DATA EXCERPTS >>
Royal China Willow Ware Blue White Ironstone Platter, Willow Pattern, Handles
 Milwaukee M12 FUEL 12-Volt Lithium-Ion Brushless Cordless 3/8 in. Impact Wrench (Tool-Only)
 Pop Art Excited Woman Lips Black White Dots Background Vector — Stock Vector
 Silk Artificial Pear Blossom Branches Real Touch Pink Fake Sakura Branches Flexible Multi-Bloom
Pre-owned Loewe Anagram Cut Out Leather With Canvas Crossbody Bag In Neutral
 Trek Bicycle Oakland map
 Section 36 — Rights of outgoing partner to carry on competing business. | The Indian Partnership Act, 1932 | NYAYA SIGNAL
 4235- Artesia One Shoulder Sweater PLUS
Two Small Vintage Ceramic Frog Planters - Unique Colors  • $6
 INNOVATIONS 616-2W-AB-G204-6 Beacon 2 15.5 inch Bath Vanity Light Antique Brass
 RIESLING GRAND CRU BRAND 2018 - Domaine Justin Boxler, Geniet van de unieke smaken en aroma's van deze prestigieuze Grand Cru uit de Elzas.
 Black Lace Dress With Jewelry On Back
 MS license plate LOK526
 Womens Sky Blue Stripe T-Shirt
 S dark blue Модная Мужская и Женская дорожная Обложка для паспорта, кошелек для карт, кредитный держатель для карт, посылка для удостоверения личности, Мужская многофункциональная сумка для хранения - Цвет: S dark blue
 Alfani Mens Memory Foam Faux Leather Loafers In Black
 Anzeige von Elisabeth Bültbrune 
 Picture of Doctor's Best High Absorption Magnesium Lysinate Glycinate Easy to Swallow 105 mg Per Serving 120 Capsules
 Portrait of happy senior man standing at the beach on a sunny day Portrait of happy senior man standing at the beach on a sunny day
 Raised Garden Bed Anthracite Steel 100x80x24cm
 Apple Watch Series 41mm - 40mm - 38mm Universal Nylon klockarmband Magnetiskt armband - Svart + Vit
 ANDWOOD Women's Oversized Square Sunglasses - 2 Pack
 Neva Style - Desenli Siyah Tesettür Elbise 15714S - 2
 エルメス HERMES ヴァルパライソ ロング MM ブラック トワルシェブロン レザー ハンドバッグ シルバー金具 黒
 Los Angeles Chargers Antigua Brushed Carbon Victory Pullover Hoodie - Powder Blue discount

WHAT IS BEING ASKED >> Looking at the records, state how many lines contain "White" and write nothing besides that number.

OUTPUT FOR THIS EXERCISE >> 2